We are as original as Americans get. Our ancestors arrived in Virginia a year before the Pilgrims landed at Plymouth Rock. The immigration conversation has never had adequate language to express the unique experience of black Americans. It has been suggested more than once that blacks should have done like other “immigrants” and overcome initial discrimination through hard work and education to join the American mainstream of success. The debate has never recognized the need for a unique term to distinguish the black experience from that of other “immigrant” groups. But now that an African-American president of the United States is the point person on the national debate about immigration, it’s time that the black perspective on immigration be examined.
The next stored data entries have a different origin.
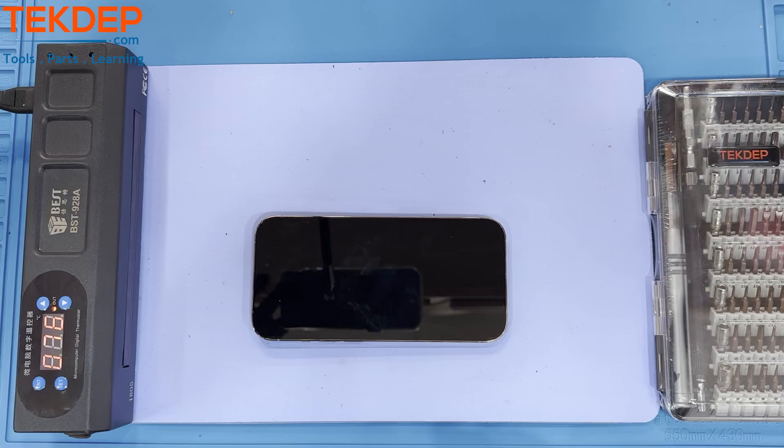Hello and welcome to another TechDep video. In today's episode we will be demonstrating an iPhone 14 Pro Max teardown disassembly. If you see any additional tools or parts you need in the video, please make sure to visit our website techdep.com and pick up what you need. All parts and tools shown in the video will be linked in the description below. Let's begin.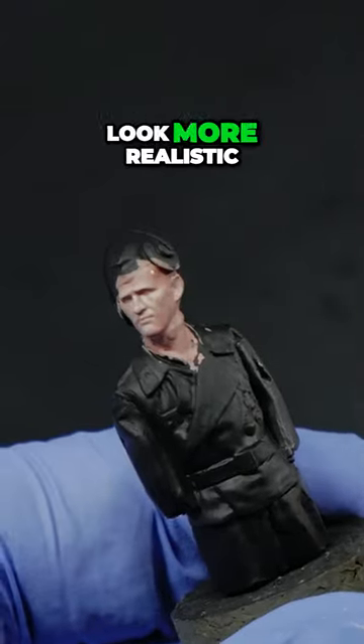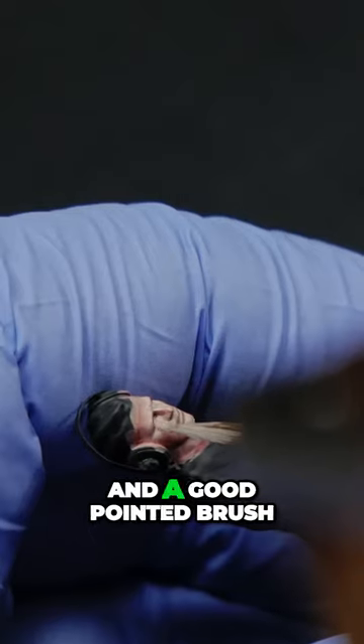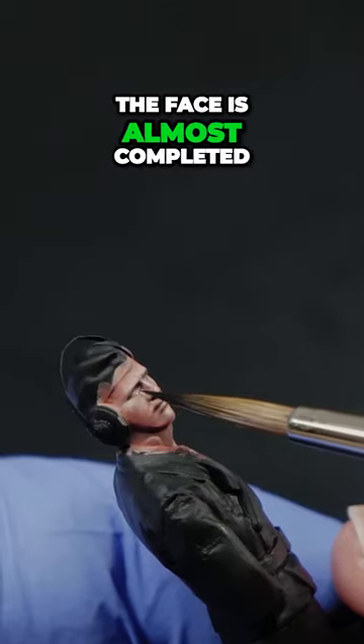That is what makes the figures look more realistic. In my case I like to use a light flesh color and a good pointed brush. So once eyes have been painted, the face is almost completed.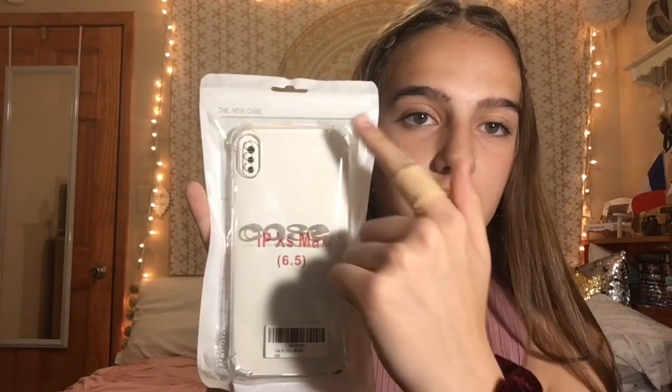Before I open it, off the bat, these two cases look pretty similar, however this one looks a little more protective. I believe that the picture shows this one that I actually already have — I think this is from Five Below. This is like pretty much the same.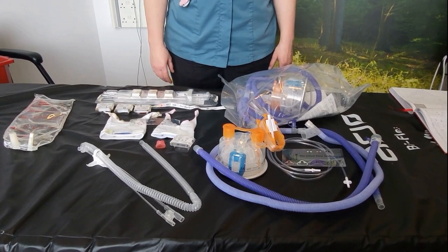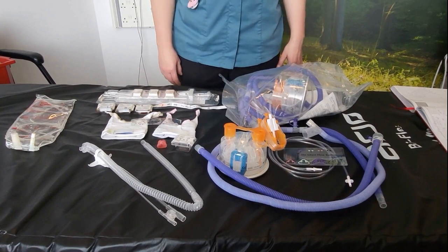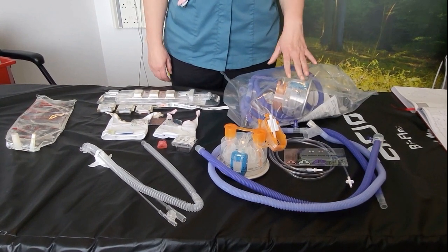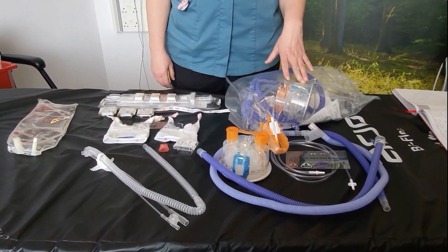Before you start using your SIPAP machine, you need to gather your equipment. The equipment required is a circuit, so for the SIPAP you'll need the Airlife Single Limb Heated Wire Circuit Kit.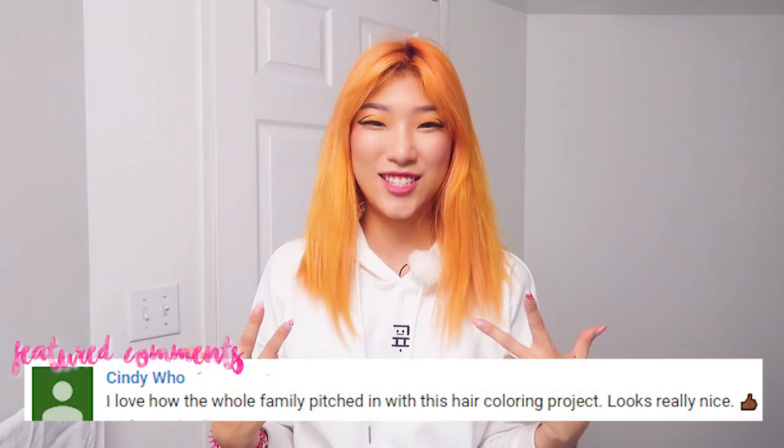Hi, it's Nami. Today I'm going to show you how I style my hair really quick in like five minutes. This is the easiest hair styling to make my hair look tamed and not crazy like this — it just looks like a bag of hay, especially because it's orange right now.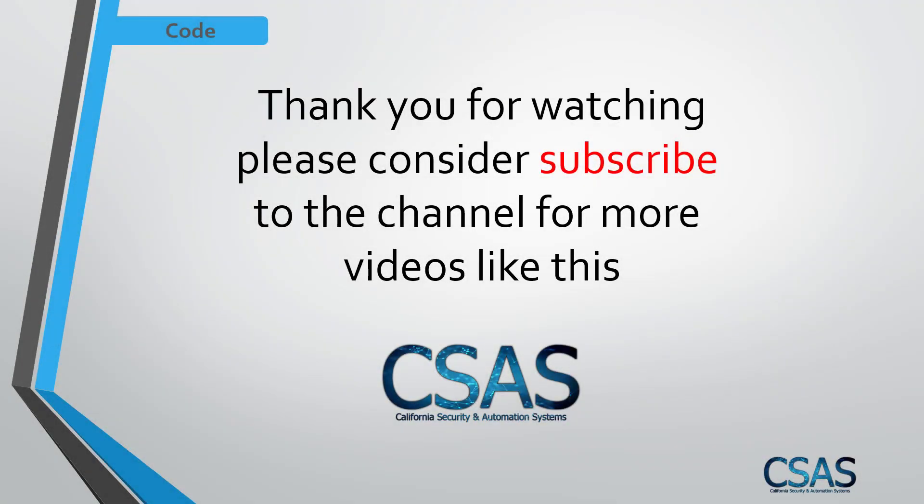That's all for today's video. Thank you for watching. If you liked this video, please consider subscribing so I can make more videos like this in the future. Thank you for watching and have a wonderful day.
What term could properly capture the reality of a people who were involuntarily imported as slaves? Surely the word “immigrant” is insufficient to that task. “Human trafficking” has recently been introduced to the immigration debate, mainly in reference to what many call “modern-day slavery” involving agricultural, sweatshop, domestic and sex workers. These modern-day slaves come primarily from Mexico, Eastern Europe, Latin America and Asia. Human trafficking seems to be just as good at describing the old-fashioned African slavery as the modern-day type. Black people were not immigrants; we were trafficked people.

Trafficked Africans (and their descendants) slaved as agricultural, domestic and sex workers for 250 years, first in the colonies and later in the United States of America. For the next 100 years, those in the South lived in virtual peonage and not until the passage of the Voting Rights Act of 1965 did the majority of black Americans begin to enjoy anything resembling full citizenship.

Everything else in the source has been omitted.